Wrapping built-in recipe in custom recipe


Instead of creating recipe from scratch, after reading the doc one more time I saw that I could just “modify existing recipe”, nice ! :slight_smile: However I got the following error:

TypeError: teach() got an unexpected keyword argument 'source'

My use case is that I want to add a PhraseMatcher and a custom stream. I followed the Modifying existing recipes section of the doc, but maybe I did something wrong… My recipe looks like this:

        mongo_uri=("MongoDB URL", "positional"),
        spacy_model=("spacy model name or path", "option", "sm", str),
        label=("Label to annotate", "option", "l", str),
        ents_path=("path to entity text file", "option", "p", str),
        sources=("Comma separted list of news source", "option", "s", str))
def teach(dataset, mongo_uri, spacy_model="en", label='ORG', sources="", ents_path=""):
    Annotate texts to train a NER model
    nlp = spacy.load("en")
    if ents_path:
        ent_matcher = EntityMatcher(nlp, ents_path=ents_path)
    # model = EntityRecognizer(nlp, label=label)
    db = MongoClient(mongo_uri)["data"]
    sources = sources.split(",") if sources else []
    stream = split_sentences(nlp, news_stream(db, s=sources))
    components = teach(dataset=dataset, spacy_model=nlp, source=stream, label=label)
    return components

Yes, this should definitely work!

Could it be that your custom recipe function – which is also called teach() – is shadowing the built-in teach() function you’re importing from prodigy.recipes.ner?

Rho I’m so stupid ^^

However it seems that I cannot pass a spacy model instance to the spacy_model argument. Could be helpful, I don’t know if it’s a common usecase.
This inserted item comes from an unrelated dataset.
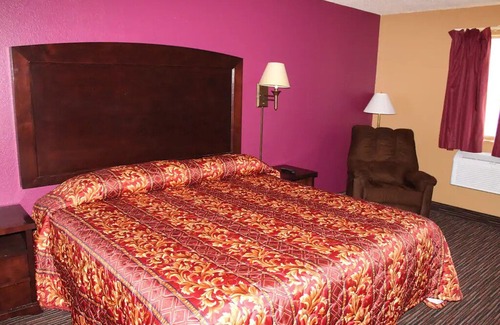 Stillwater Hotel | Coratel Inn & Suites Stillwater - Standard 1 King Bed Non-Smoking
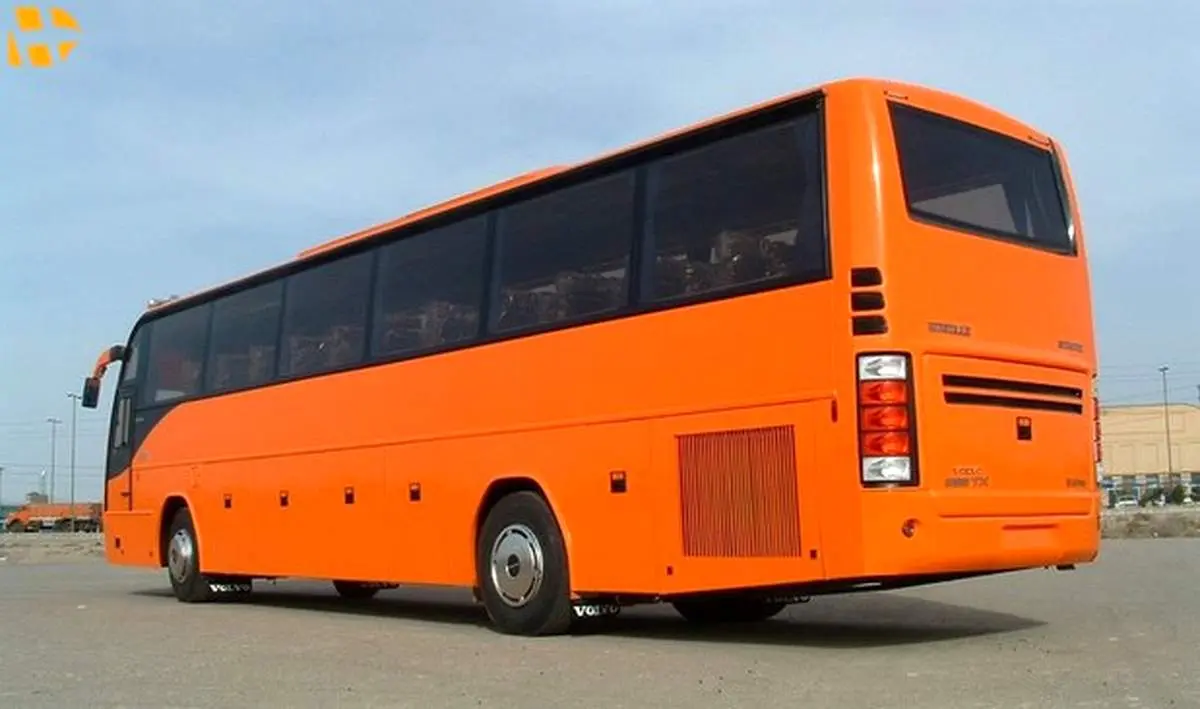 تصویری از واژگونی اتوبوس در آزادراه تهران - قم با ۱۷ مصدوم+فیلم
Actually I don’t really know if the best practice should be try to modify existing recipe as much as possible or just write you’re own. At least for NLP tasks, it seems handy to reuse yours :), especially since otherwise one needs to look in the prodigy code to look at the recipes code to get some inspiration :slight_smile:

Ha, no worries – I’m sure every Python dev can relate :wink:

The ner.teach recipe currently expects the spacy_model to be a model name or path (basically, anything that’s loadable via spacy.load). So if you want to pass in a custom model, you’d have to save it out and load it back in. (In your case, you probably also need to modify your model’s __init_.py to make sure your model includes your custom component. I agree that this is not perfectly convenient at the moment.)

In general, we do imagine that Prodigy users may want to transition to custom recipes in the long run – but of course, this always depends on your use case. For the v1.0 release, we also plan to publish the built-in recipes, plus some other examples for inspiration, as a prodigy-recipes repo. We’ve also been working on tidying the recipes up and adding more components like stream filter functions that you can mix, match and reuse. So the built-in recipes will hopefully be more concise and easier to adapt.

Btw, not sure what your custom EntityMatcher does, but we’ve also been working on a pattern matcher model and an ner.match recipe, which will let you load in a match patterns file (phrase patterns or token patterns) to bootstrap new entity types. There’ll also be a --patterns argument in ner.teach, similar to the --seeds in textcat.teach.

I think my EntityMatcher does exactly what you’re adding :). It’s just a spacy extension, that wraps a PhraseMatcher, takes a list of entity names (such as “Google”, “Facebook Inc.”, … for organizations names) and set their label to “ORG” so that even if the default NER doesn’t find them, they are proposed as entities to be labeled. Kind of seeds for the NER as you say.
So :+1: for the --patterns options !!!